When a person requires long-term residential care in their old age, an application can be made for a subsidy to assist in meeting the cost of such care – a residential care subsidy.
The general purpose of the legislation creating these subsidies is to provide financial support to individuals while taking into account that where appropriate, they should first use the resources available to them before turning to the state for assistance.
The application is a two-step process. The first step is a means assessment. If the applicant is below the relevant threshold, the second step is an income assessment. Income is defined very broadly for income assessment purposes.

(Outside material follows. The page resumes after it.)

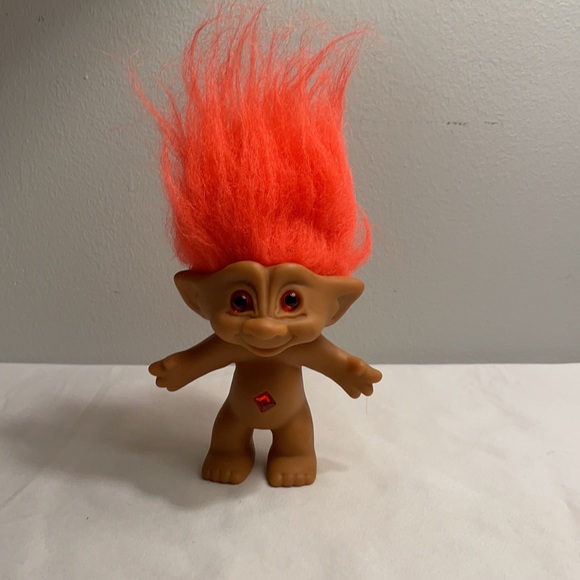 Vintage Treasure Troll Doll w/ Cheerleading Outfit - Picture 3 of 9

The decision of the High Court in Broadbent v Ministry of Social Development  NZHC 1499, which is essentially a test case, considers whether income derived from assets gifted out of the ownership of the applicant (often referred to as ‘notional income’) can be taken into consideration for income assessment purposes.
In Broadbent, the Ministry considered that Mrs Broadbent had deprived herself of income of over $45,000 per year by transferring assets into a trust. This calculation was achieved by treating as Mrs Broadbent’s income both the actual income derived from the assets, as well as the income that could have been earned had the trust not held non-income earning assets. As a result, Mrs Broadbent’s income was assessed as being over the relevant threshold necessary to qualify for a subsidy.
Mrs Broadbent successfully challenged the Ministry’s position on the grounds that once a gift is made, “that is the end of the matter.”
The result was a finding that MSD has been wrong to assess notional income on assets that have been gifted to a trust.